→ Data section

________________

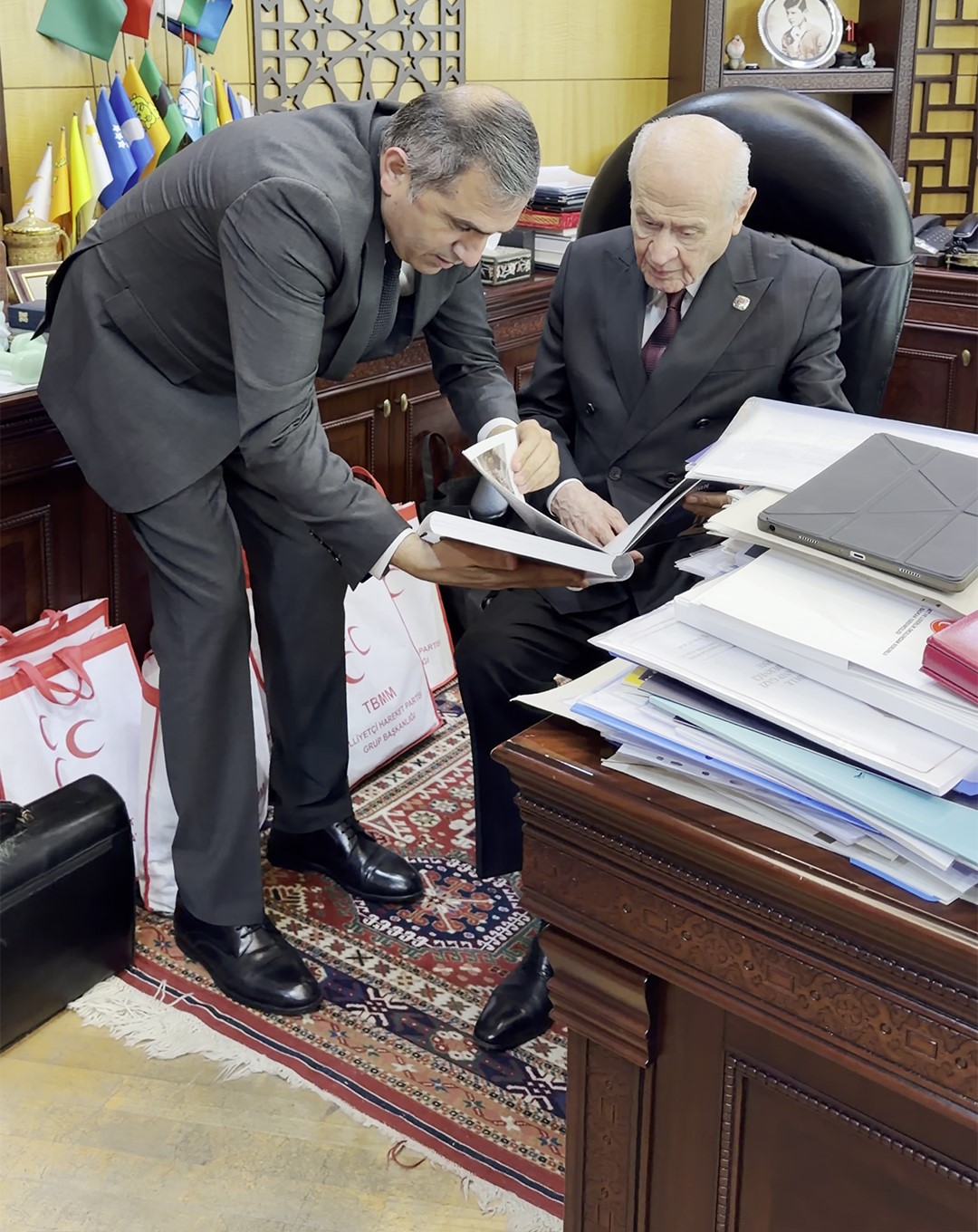 Samsun çalışma raporu MHP Lideri Bahçeli’ye sunuldu
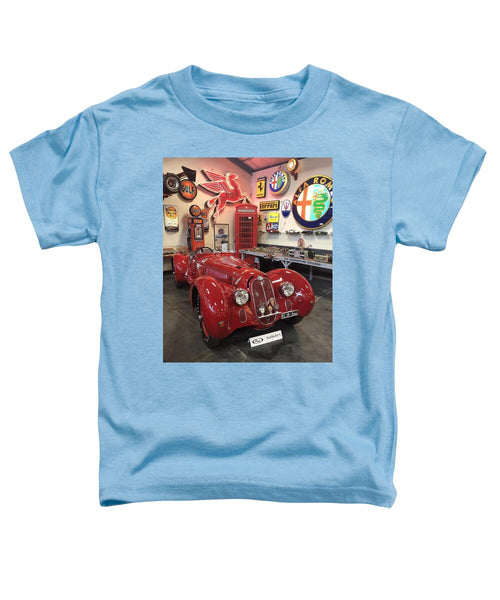 Classic Red Vintage Alfa Romeo - Toddler T-Shirt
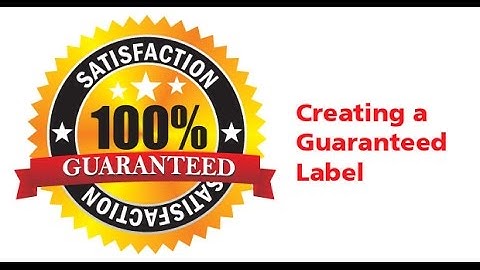 CorelDraw Tutorial - Creating a Guarantee Label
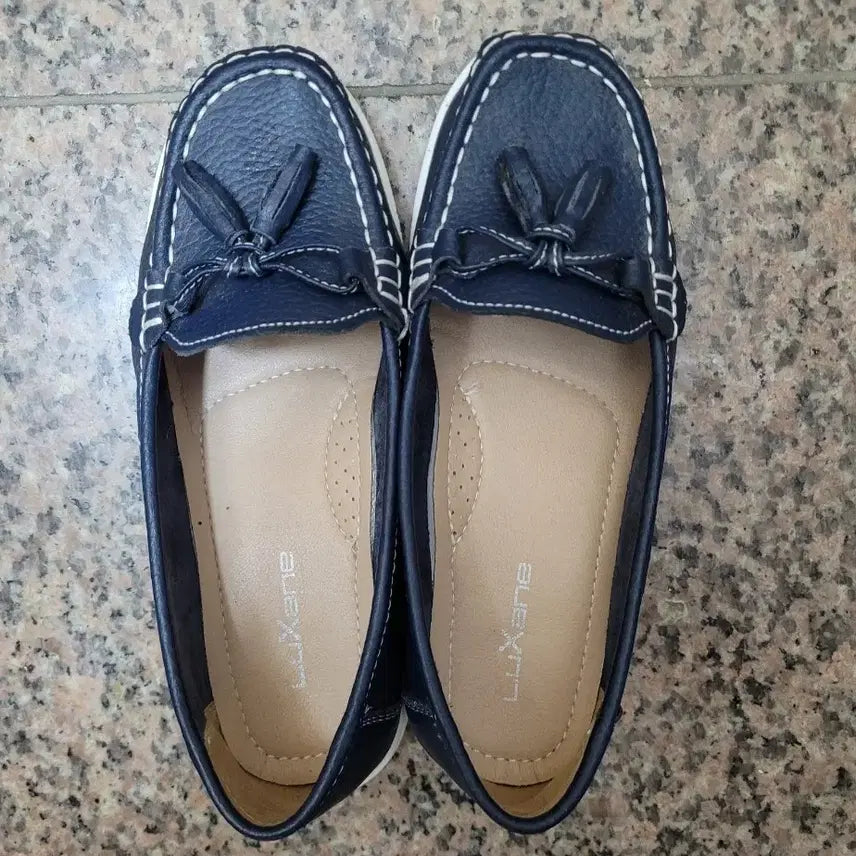 [BUNJANG] Luxeane Navy Tassel Loafers Size 235 / 네이비 태슬 로퍼 235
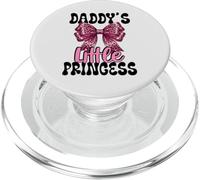 Coquette Daddy's Little Princess avec nœud imprimé léopard Rose PopSockets PopGrip pour MagSafe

________________

→ How to complete this task
Only the lines from the one with "[BUNJANG] Luxeane Navy" to the last line of the listing, inclusive, are to be set down, exactly as they stand and without pictures.

→ Response box
 [BUNJANG] Luxeane Navy Tassel Loafers Size 235 / 네이비 태슬 로퍼 235
 Coquette Daddy's Little Princess avec nœud imprimé léopard Rose PopSockets PopGrip pour MagSafe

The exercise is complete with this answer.